Let's put this into more context though.

There's no major, global weather pattern like El Nino or La Nina that screams for our weather to be biased warm or cold, wet or dry.  There are indications that an El Nino weather pattern could develop this year; if that happens, any ramifications in our overall weather would be seen more toward fall and winter.

So for now, some natural variability takes over.  When the Climate Prediction Center issues "near-normal" outlooks for our precipitation...that really means we have as much chance of being above-normal as we do of being below-normal.  We could go either way.  In fact, we could even end up nowhere near normal!  An above-normal temperature outlook means our chances are higher of seeing a warmer spring than a colder one.  Doesn't mean we won't be colder...it's just a bit less likely.

Also remember that these are averages over a three-month period.  If it's cold and nasty in March, a warm May would offset that in the grand scheme of things.

Two things to watch out for.

First...we'll likely spend the first part of March in some continuation of the weather pattern we've been seeing lately.  Overall, that means we'll be prone to some cold air pushes, interspersed with the occasional warm days.  Kind of a slow, intermittent start to spring.  We've also seen a relatively active pattern lately; if that holds, expect storm systems every couple of days...some larger than others.  If the colder air is winning out, that greatly limits our severe threat.

Signs are pointing to a general pattern change as spring unfolds that would reduce the chances of cooler than average temperatures.  With warmer air comes better chances of deeper Gulf moisture; assuming we're not lodged under a big ridge of high pressure (that is not looking likely right now), the jet stream won't be too far away.  That means ample opportunity for storm systems to move through, and perhaps boosting our severe weather threat.

As we shift from one dominant weather pattern type to another, it's relatively common to get a rather big storm system or two to herald that change.  This would also lean us in favor of a period of some more active spring weather.

As we get later into spring, an early-summer pattern would try to work in, meaning our best chance for above-average temperatures would be later in spring as opposed to earlier...and that the main storm track would be pushing to our north, easing severe threats.

So my main worry here: the table could be set for more active spring weather than what we've seen the past couple of years.  Last year, it was late spring into summer that brought us our big rain and higher severe potential...that severe potential may be larger and earlier this year.  On this, I want to be wrong.

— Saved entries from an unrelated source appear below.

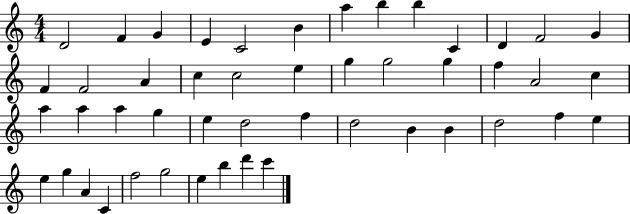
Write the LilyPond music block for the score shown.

{
  \clef treble
  \numericTimeSignature
  \time 4/4
  \key c \major
  d'2 f'4 g'4 | e'4 c'2 b'4 | a''4 b''4 b''4 c'4 | d'4 f'2 g'4 | \break f'4 f'2 a'4 | c''4 c''2 e''4 | g''4 g''2 g''4 | f''4 a'2 c''4 | \break a''4 a''4 a''4 g''4 | e''4 d''2 f''4 | d''2 b'4 b'4 | d''2 f''4 e''4 | \break e''4 g''4 a'4 c'4 | f''2 g''2 | e''4 b''4 d'''4 c'''4 | \bar "|."
}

Worry two:  sometimes it's tough to get out of persistent weather patterns.  And we've been in one across the East this winter...with more days of cooler weather than of warmer weather.  It's entirely possible that this pattern could linger a bit longer than anticipated.  This could bias our spring a little colder than expected...this could reduce severe potential if it stuck around long enough.  My thinking is that it would simply delay that period of active weather from late-March/April back into May.

The bottom line:  Wobbly weather patterns are conducive to temperature swings and big storm systems.  And the potential is there for this spring to be a bit more wobbly in our area than the past couple of springs.  Something to watch for...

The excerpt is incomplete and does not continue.